この映画を見ても「私にはどうしようもない」と感じる人もいると思います。けれど、それは誤解です。私たち庶民にも、今すぐできることはあります。
まずは「事実を知ること」。そのうえで、ファストファッションとの付き合い方を変えることです。
「ファストファッションは買わない」「手持ちの服を大切に着続ける」「中古服を買う」「リユースの検討」など、身近にできることは色々あると思います。
ボロボロの服は、ウエスにするという手もあります⇒トイレ掃除から窓拭きまで、シンプル派には簡単で万能なウエスがおすすめ
この問題の奥にある真の原因は、紛れも無い、私たち「買う側」にあります。
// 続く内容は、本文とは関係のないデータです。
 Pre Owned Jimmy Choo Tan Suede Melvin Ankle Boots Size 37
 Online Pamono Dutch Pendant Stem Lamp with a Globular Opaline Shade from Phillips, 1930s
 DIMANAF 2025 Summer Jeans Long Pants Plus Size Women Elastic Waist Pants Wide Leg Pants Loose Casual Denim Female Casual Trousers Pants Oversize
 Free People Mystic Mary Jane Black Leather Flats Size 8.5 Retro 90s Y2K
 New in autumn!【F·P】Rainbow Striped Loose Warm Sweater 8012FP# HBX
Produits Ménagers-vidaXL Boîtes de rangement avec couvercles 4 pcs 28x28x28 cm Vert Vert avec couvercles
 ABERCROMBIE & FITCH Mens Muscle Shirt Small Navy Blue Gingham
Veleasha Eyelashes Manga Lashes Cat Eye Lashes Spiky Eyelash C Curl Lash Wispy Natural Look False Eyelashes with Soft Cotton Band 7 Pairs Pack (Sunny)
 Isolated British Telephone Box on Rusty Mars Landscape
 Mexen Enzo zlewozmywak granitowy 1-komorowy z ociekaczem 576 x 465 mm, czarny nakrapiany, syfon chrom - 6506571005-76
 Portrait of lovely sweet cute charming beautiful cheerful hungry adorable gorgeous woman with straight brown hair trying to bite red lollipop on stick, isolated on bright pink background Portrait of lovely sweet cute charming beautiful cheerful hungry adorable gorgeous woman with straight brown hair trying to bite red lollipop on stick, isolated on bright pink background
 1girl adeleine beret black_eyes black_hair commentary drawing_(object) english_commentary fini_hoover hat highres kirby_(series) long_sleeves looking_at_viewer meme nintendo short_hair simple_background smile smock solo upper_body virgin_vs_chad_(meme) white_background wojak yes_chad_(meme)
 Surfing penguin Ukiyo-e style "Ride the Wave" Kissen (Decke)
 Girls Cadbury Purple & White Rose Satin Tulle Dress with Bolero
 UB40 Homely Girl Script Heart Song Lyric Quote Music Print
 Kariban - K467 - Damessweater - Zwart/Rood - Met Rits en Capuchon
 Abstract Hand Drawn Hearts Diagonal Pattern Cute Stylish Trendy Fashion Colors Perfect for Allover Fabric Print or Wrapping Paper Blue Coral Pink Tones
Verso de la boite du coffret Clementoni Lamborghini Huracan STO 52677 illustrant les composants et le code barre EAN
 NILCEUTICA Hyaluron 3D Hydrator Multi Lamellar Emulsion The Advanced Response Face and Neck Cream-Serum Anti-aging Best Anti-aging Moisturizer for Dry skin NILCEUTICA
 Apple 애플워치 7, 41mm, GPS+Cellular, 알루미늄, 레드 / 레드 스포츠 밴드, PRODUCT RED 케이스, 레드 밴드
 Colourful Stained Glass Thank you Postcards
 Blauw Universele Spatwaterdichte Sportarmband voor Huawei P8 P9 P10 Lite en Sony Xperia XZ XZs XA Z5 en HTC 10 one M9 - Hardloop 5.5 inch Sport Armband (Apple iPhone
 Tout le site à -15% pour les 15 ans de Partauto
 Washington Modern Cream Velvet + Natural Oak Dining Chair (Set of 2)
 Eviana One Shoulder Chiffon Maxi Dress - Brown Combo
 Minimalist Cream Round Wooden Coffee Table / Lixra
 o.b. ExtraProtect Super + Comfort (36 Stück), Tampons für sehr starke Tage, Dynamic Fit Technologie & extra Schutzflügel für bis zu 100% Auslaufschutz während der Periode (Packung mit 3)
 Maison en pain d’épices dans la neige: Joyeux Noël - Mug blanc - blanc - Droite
1人1人が意識を変えないかぎり、この問題は解決しないのではないでしょうか。
低価格競争を繰り広げるファッション企業にも、責任はあります。けれど会社を動かすには、私たちの方から企業に「NO」を突きつけることが必要です。
「その服は私たちの血でできている」。映画の中に出てきた女性の言葉ですが、これはファストファッション問題を象徴しています。
「服を作ってくれている労働者に感謝しよう」。そんな生やさしい言葉では、この問題は片付けられないと強く感じます。本当に感謝しているなら、やるべきは行動を起こすことです。
そのきっかけとしても、「THE TRUE COST」はおすすめです。少しでも多くの人に、この問題を知ってほしいと思います。